Thursday, 2021, November 18
Indo American News
Ismaili Center Houston
Diane Cowen

Houston: The Ismaili Center Houston’s architecture and gardens will set a new bar in a city increasingly devoted to modern design and lush green spaces.

With a structure designed by U.K.-based Farshid Moussavi and gardens by Thomas Woltz of Nelson Byrd Woltz Landscape Architects — a renowned landscape architect known locally for his work transforming Memorial Park — the new Ismaili Center will sprawl across 11 acres at the southeast corner of Allen Parkway and Montrose Boulevard. Ismaili Council president Al-Karim Alidina unveiled plans Monday afternoon at the George R. Brown Convention Center.

Clad in a Turkish marble, the building will be a cultural landmark where local and visiting Ismailis can worship and where everyone can attend cultural and educational events. Gardens on all four sides will include terraced plantings and water features in a configuration that pays homage to ancient Islamic architecture but with vegetation found in Texas ecosystems.

“It will be an inviting space where everyone is welcome,” Alidina said.

Houston was chosen several years ago by His Highness the Aga Khan as the site of America’s first Ismaili Center, picked for its large population of Ismaili Muslims and for its overall diverse community. The Aga Khan is the spiritual leader — or imam — of Ismaili Muslims and is a direct descendant of the Prophet Muhammad, who founded Islam some 1,400 years ago.

An artist rendering of the interior central atrium at the future Ismail Center Houston. Courtesy of Ismaili Center Houston
The Aga Khan Foundation purchased the local land in 2006 and later donated seven monumental artworks — Jaume Plensa’s “Tolerance” sculptures — that sit across the street in Buffalo Bayou Park. Excavation on the site is already underway, and a formal groundbreaking will likely take place early next year with construction finished by the end of 2024.

Moussavi’s design goal was layered: create a building that pays tribute to ancient Islamic culture that will support modern life for 100 years.

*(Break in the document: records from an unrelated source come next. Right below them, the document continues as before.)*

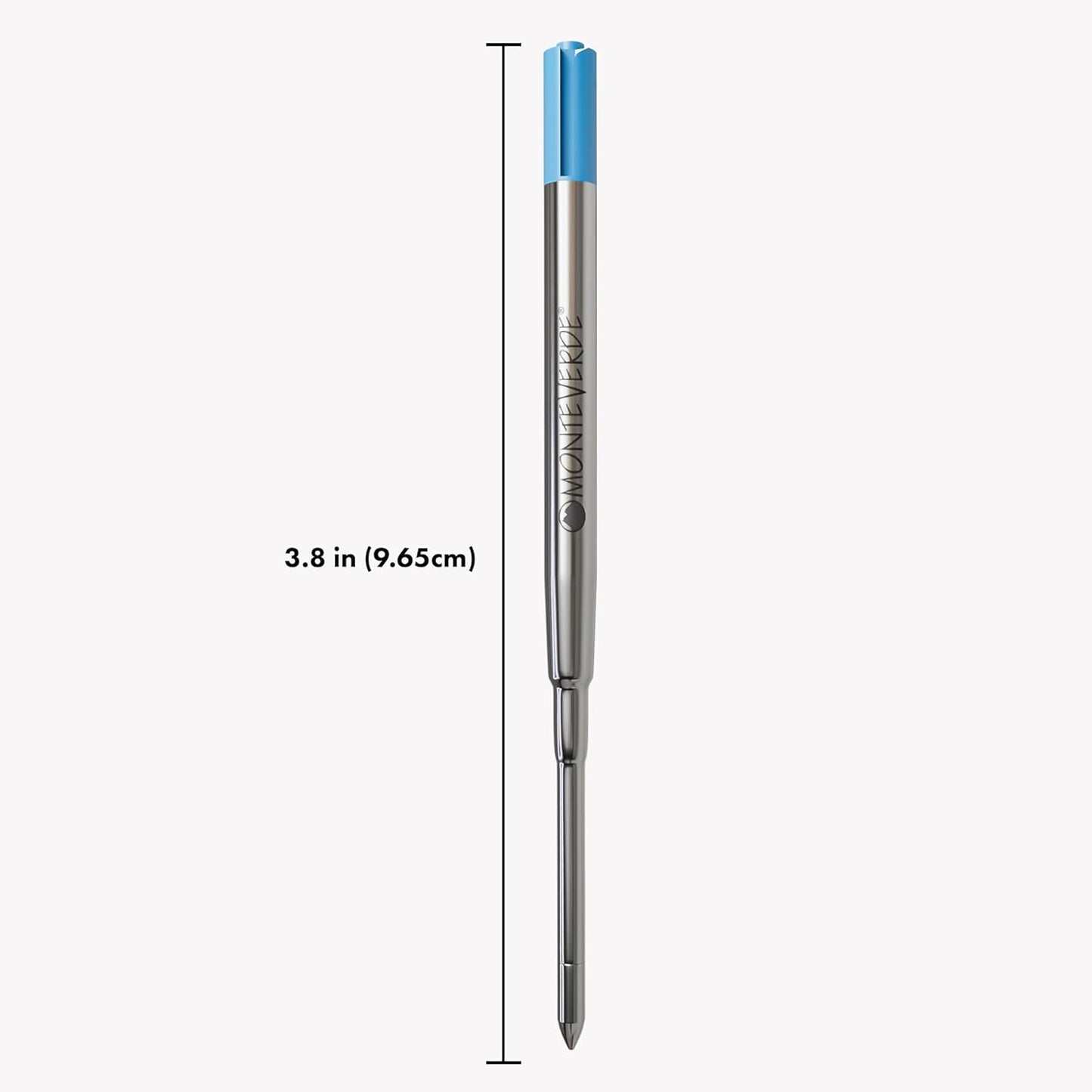 Monteverde Soft Roll Ballpoint Pen Refills to Fit Parker-Style Pens, Medium Point, Brown, 2-Pack, Smooth Writing Technology for Parker, Conklin, Schmidt, and More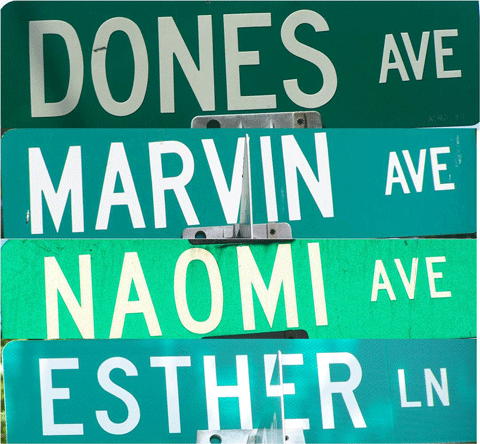 Dones Family Street Signs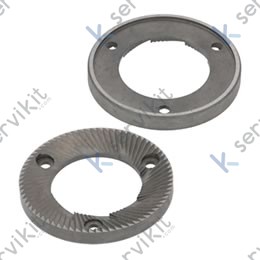 Muelas molino de café Compak 83x49x9.5mm 3 taladros derecha K8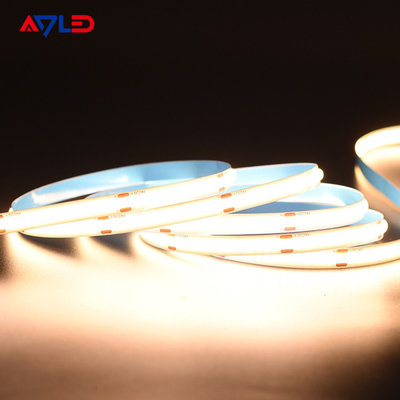 COB LED الشريط الضوء 480LEDs CRI 90+ إضاءة موحدة بلا نقاط غير مقاوم للماء IP20 مرنة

It needed to be an architectural jewel worthy of its spot at one end of a cultural corridor that runs down Montrose to the Museum of Fine Arts, Houston, and the Museum District.

“The Aga Khan has been a patron of architecture for many years. He is absolutely convinced and aware of the power of architecture to help people live a better life — that architecture is a force for good,” said Moussavi, a native of Iran who moved to the United Kingdom when she was 14 and was educated in the U.S. at Harvard University. “This is what sets the challenge when working on a building commissioned by him. … Every decision must be relevant and executed with excellence.”

It also needed to be a place where Ismailis could turn for spiritual solace, with a Jamatkhana — or place of worship — where they could go for daily prayers. Social spaces would need to be used for cultural or educational events or even social gatherings, such as philanthropic galas or luncheons.

“There cannot be a better moment to build this building. We have many different crises as humanity, including climate emergency,” Moussavi said. “The scale of the issues we face needs a collective response. It is about bringing people together to better understand each other and form a larger community.”

The building will have stonework that appears as woven tapestries with breezes and light passing through. Stone screens in geometric patterns — squares, circles and curvy Arabesque shapes — are frequently used as ornamentation in Islamic architecture, which avoids images of religious figures.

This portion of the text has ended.